First, of course, come the peas. You'll need about 1-1/4 pounds of fresh peas in the pod to get the 1 cup of shelled peas called for in the recipe. They're easy to shell: Just use your thumbs to split open each pod along its seam; then, sweep a thumb through the pod to push the peas into a bowl.
For the risotto, look for Arborio rice in the grains section of well-stocked supermarkets, or in Italian delis or specialty foods stores. This plump short-grained variety has the surface starch that, with the help of diligent stirring, dissolves to make a creamy sauce, while the grains turn pleasingly chewy.
As for the scallops, buy ones that look moist and plump, with a fresh, clean scent of the sea. Be sure to cook them quickly over high heat, so they develop a golden brown surface while staying tender and moist inside. Feel free to replace the scallops with fresh shrimp, or substitute sauteed salmon fillets or even chicken breasts or medallions of lamb.
And there's one final secret to share. Frozen baby peas, also known by the French petits pois, are among the few vegetables that are excellent substitutes for fresh. So, if you enjoy this recipe, you can even go on making it for a year-round taste of spring.
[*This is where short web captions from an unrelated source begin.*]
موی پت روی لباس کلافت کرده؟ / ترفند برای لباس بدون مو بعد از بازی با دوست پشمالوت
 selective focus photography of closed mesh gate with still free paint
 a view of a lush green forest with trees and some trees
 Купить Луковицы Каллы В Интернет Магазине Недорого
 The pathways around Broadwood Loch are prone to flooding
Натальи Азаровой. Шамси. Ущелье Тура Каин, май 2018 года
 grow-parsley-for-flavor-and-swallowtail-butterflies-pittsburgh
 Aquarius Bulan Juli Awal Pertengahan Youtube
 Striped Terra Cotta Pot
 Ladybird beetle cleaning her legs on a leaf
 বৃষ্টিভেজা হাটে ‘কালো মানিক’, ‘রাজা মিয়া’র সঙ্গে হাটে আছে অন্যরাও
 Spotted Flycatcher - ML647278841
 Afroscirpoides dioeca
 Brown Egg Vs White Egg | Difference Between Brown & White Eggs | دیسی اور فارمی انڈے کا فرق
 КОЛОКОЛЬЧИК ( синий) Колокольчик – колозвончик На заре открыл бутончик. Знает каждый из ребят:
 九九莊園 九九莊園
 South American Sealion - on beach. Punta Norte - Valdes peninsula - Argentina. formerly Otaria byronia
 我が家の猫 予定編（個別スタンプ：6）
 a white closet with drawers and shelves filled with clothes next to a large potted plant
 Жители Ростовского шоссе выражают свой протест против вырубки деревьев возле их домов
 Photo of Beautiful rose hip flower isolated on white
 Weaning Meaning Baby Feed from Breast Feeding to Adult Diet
LEMON RISOTTO WITH FRESH PEA SAUCE AND SEARED SEA SCALLOPS
Serves 4
PEA SAUCE:
2 tablespoons extra-virgin olive oil
1/4 cup finely chopped onion
1 cup shelled fresh peas
2 sprigs fresh thyme
1 cup water
4 tablespoons unsalted butter, cut into pieces
Salt
Freshly ground black pepper
LEMON RISOTTO:
2 tablespoons extra-virgin olive oil
1/4 cup finely chopped onion
1 cup Arborio rice
3 ounces dry white wine
1 cup organic chicken broth
4 tablespoons unsalted butter
3 tablespoons grated Parmesan cheese
Grated zest of 1 lemon
Salt
Freshly ground black pepper
SCALLOPS:
2 tablespoons extra-virgin olive oil
1 tablespoon unsalted butter
12 large fresh sea scallops, trimmed of any connective tissue, rinsed, and patted completely dry with paper towels
Salt
Freshly ground black pepper
First, make the Pea Sauce. Heat the olive oil in a saucepan over medium heat. Add the onion and saute, stirring frequently, until translucent but not yet browned, 3 to 5 minutes. Add the peas, thyme, and water. Bring to a boil, reduce the heat to a simmer, and cook until the peas are soft, about 5 minutes. Transfer the mixture to a blender and, following the manufacturer's instructions and taking care to avoid spattering, blend while adding the butter piece by piece. Season to taste with salt and pepper. Return to the saucepan and keep warm.
For the Lemon Risotto, heat the olive oil in a saucepan over medium heat. Add the onion and saute, stirring frequently, until translucent but not yet browned, 3 to 5 minutes. Stir in the rice until it looks glossy. Stir in the wine and cook, stirring occasionally, until the liquid has evaporated completely. Add the chicken broth and simmer gently while stirring constantly, until the liquid has reduced by half, about 10 minutes. Add the butter and continue cooking gently, stirring occasionally, until the mixture becomes thick and creamy. Stir in the Parmesan and lemon zest. Season to taste with salt and pepper.
When the risotto is almost done, gently rewarm the sauce in its pan, and also start cooking the Seared Scallops.
For the scallops, heat a skillet, large enough to hold them without crowding, over high heat. Add the olive oil and butter and, as soon as the butter begins to foam, quickly season the scallops on both sides with salt and pepper and put them in the skillet. Cook until seared golden brown, about 2 minutes per side.
Spoon the warm pea sauce onto individual heated serving plates. Mound the finished risotto in the middle of each plate. The moment the scallops are done, arrange them around the risotto. Serve immediately.